グリッドコンピューティングと企業組織のアナロジー

飯田哲夫(Tetsuo Iida) 2005-10-15 23:25:49

最近、グリッドコンピューティングが新しいフェーズに入りつつあるような実感がある。この分散型の処理形態、組織論と重ねてみると、これからのビジネスのあり方を示唆しているようで面白い。

グリッドコンピューティングの現在

新しいフェーズに入りつつある、といってもあくまで個人的な実感なので、グリッド技術に携っている方からすると鈍すぎるのかもしれない。しかし、業務系システムでの実案件でも出てきているし、日本HPが金融グリッドセンターを立ち上げたのもニーズの高まりが背景にあるということだ。

日本では個別システムをターゲットとしたものが中心のようであるが、欧米の事例ではグローバルベースでコンピューティング・リソースをシェアするものも出ている。例えば、このニュースでは、Bank of Americaの投資銀行部門が、3000台のマシンを連結したグリッド環境を構築したことが報じられている。更には、そのコンピューティングパワーをグローバルベースで利用しているということである。
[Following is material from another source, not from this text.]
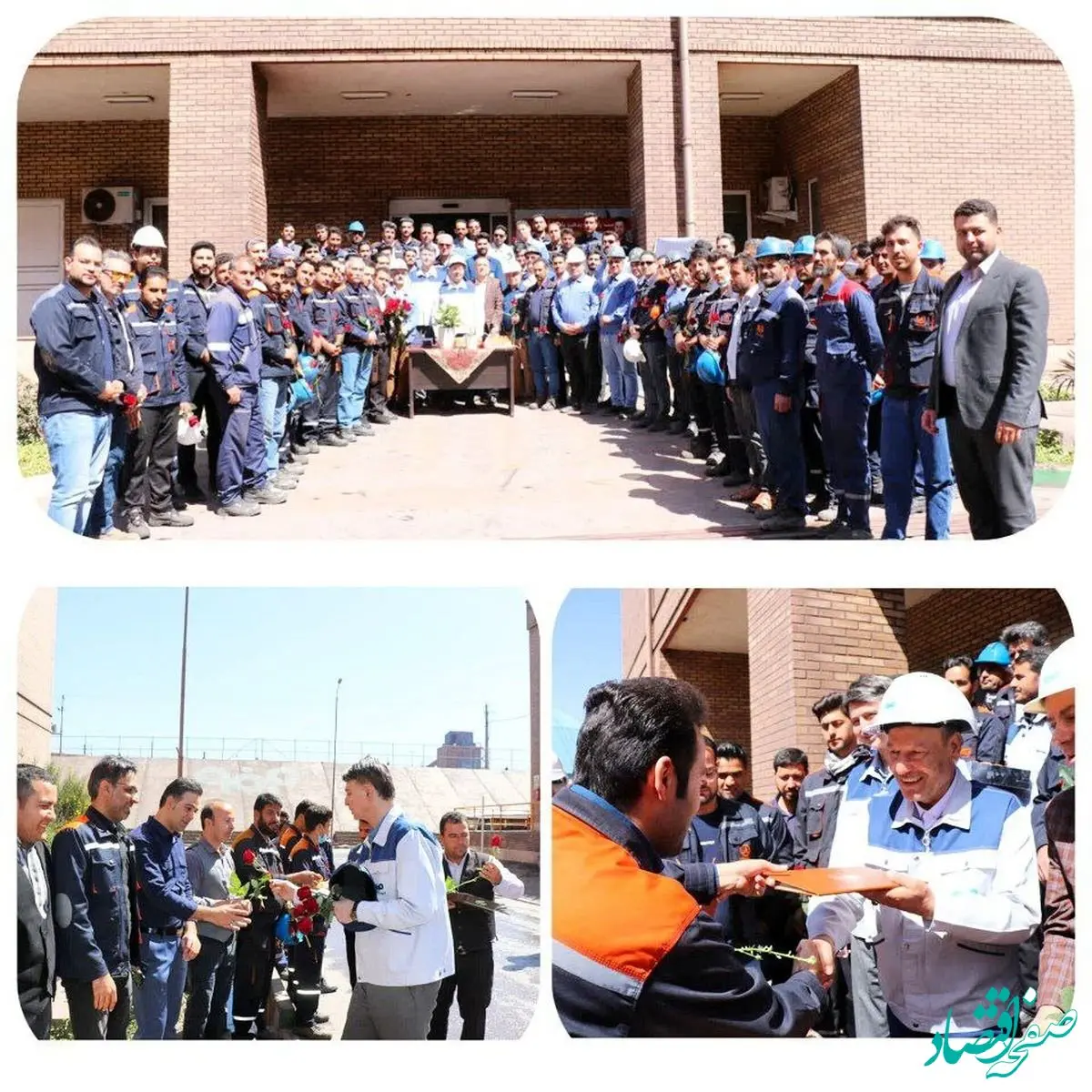 دیدار و تقدیر در روز کارگر 

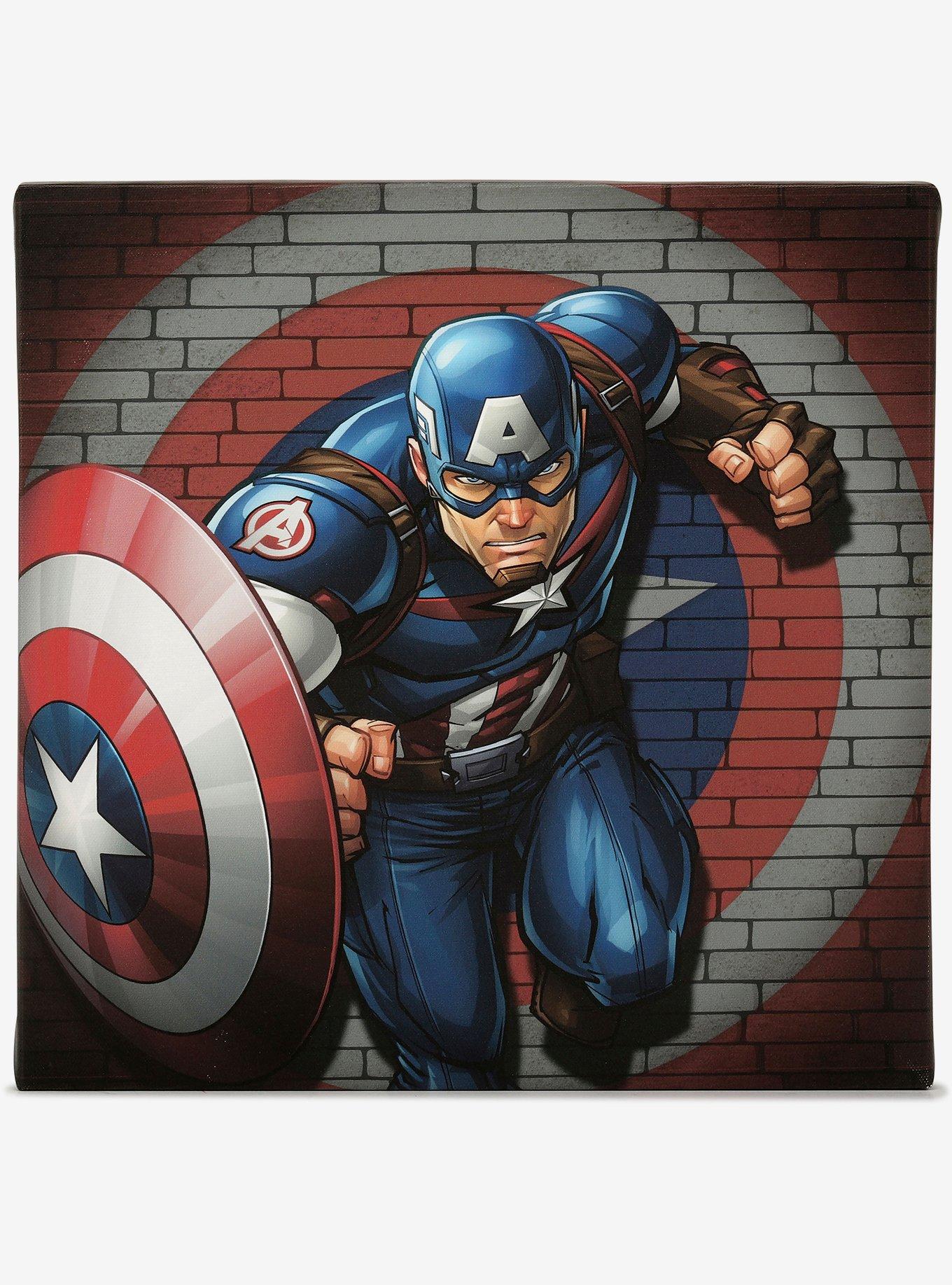 Marvel Captain America Canvas Wall Decor, , hi-res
こうしてみると、グリッド技術も学術利用からビジネスユースへ、そしてアプリケーション・レベルからエンタープライズ・レベルへ、ローカルからグローバルへとその活用が拡大していることが見て取れる。

"More than Moore"としてのグリッド

前回のエントリーで"More Moore"と"More than Moore"というコンピューティング・パワーの拡大へ向けた二つのアプローチについて触れた。"More Moore"は、ムーアの法則に則ってトランジスタの集積率を高め、一つ一つのコンピューターの力を強化していく方法である。"More than Moore"は、ムーアの法則には則らない、それ以外の方法ということになる。

さて、グリッドコンピューティングとは、比較的安価なコンピューター、場合によっては個人用のPCなどを連結し、これらに対してジョブを分散して投入し、並列処理を行わせることを言う。一つ一つは大したことなくても、全てが並列で処理を進めることにより、強力なコンピューティング・パワーを引き出すことができる。つまり、これは"More than Moore"なやり方ということになる。

組織論とのアナロジー

グリッドコンピューティングといえば、ついつい大量の安価なサーバーを連結させることで実現しているGoogleのデータセンターの話が思い起こされる。"More Moore"ではなく"More than Moore"を実践しているわけだ。そして、そのGoogleは、全社的にBlogを導入して社員間の連携が図られているというのも有名な話である。

一つの企業を考えたとき、より優秀な人材を採用し、社員を徹底的に教育したとしても、それはムーアの法則を追い求める場合と同様に、徐々に費用対効果が見合わなくなってくるポイントがあるはずだ。それならば、社員教育はほどほどとして、社員間の連携がよりうまく行くようなネットワーク型の組織を作った方が、トータルの力が発揮される可能性がある。

とはいえ、人材をローパワーのCPUと考えれば良いと言っているわけではない。より専門性の高い業務領域においては、組織のサイズよりも一人一人の人材の質がより重視される。また、組織が大型化しても、メンバーの強みに多様性が無ければ組織としての力が発揮されることもない。

しかし、グリッドコンピューティングのアナロジーで言えば、チームワークのない優秀な人材を集めた企業より、チームワークに長けたほどほどに優秀な人材を集めた企業の方が、高いパフォーマンスを出すに相違ない。グリッドコンピューティングでは、ジョブを制御するグリッドミドルウェアの役割が重要になるが、グリッド型組織においては、グリッドをマネージするスキルがより重要になるのである。

おまけ

ところで、今週、駐車場で車の窓を何者かに割られてしまいました。窓はすっかりグリッド模様でかなりへこみました。触るとボロボロ崩れるあたり、一度芯を失うと一気に崩壊するのもグリッドの怖さかなと思いました。